* **Directions for this task**: Where the line holding "Повторитель передний левый, ориг." appears, start copying, and continue exactly through the last line of the listing, skipping pictures.

* **Recorded data**:
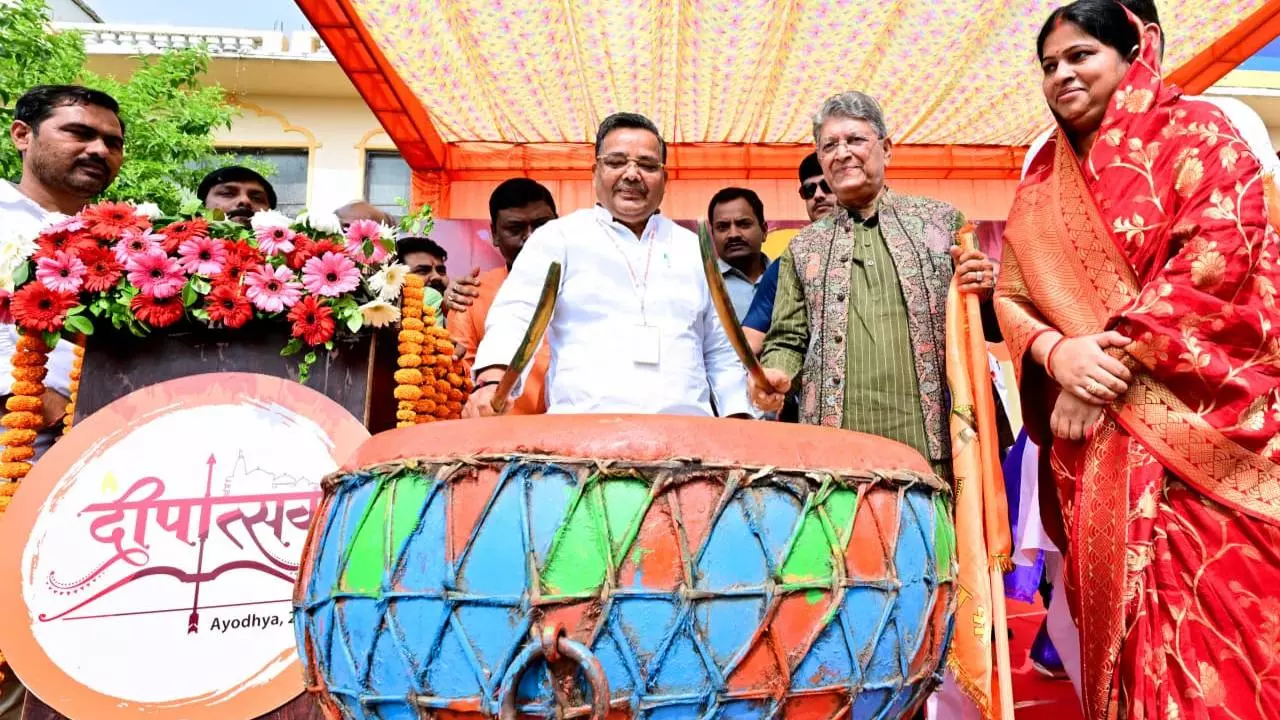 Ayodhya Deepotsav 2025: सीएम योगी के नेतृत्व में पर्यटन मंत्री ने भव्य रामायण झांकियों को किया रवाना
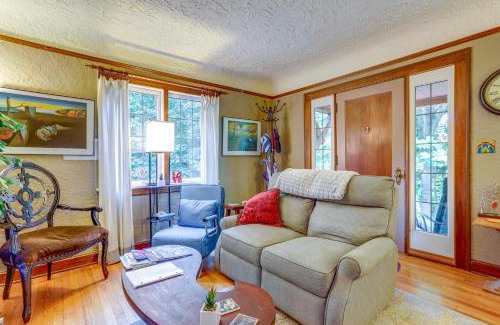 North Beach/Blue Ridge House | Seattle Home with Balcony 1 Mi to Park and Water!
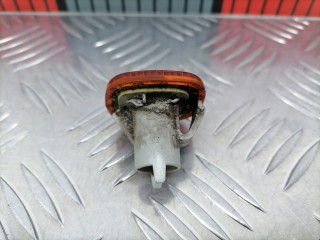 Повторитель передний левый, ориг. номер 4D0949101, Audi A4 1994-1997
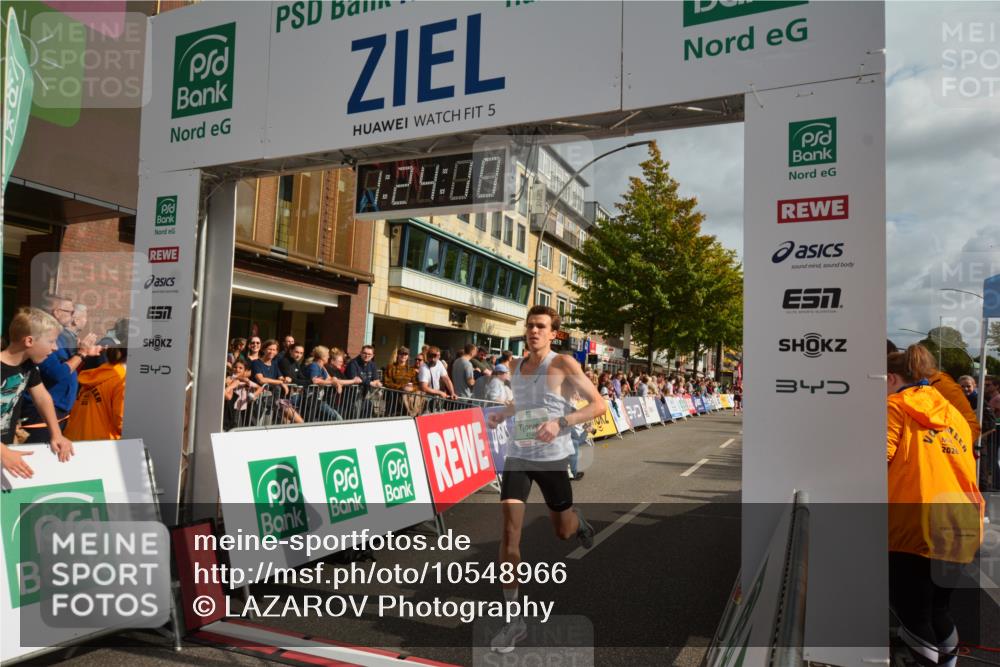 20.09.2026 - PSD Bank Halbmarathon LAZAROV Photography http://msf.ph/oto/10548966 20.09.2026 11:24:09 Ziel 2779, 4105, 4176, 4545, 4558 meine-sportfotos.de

* **Solution for this problem**:
 Повторитель передний левый, ориг. номер 4D0949101, Audi A4 1994-1997
 20.09.2026 - PSD Bank Halbmarathon LAZAROV Photography http://msf.ph/oto/10548966 20.09.2026 11:24:09 Ziel 2779, 4105, 4176, 4545, 4558 meine-sportfotos.de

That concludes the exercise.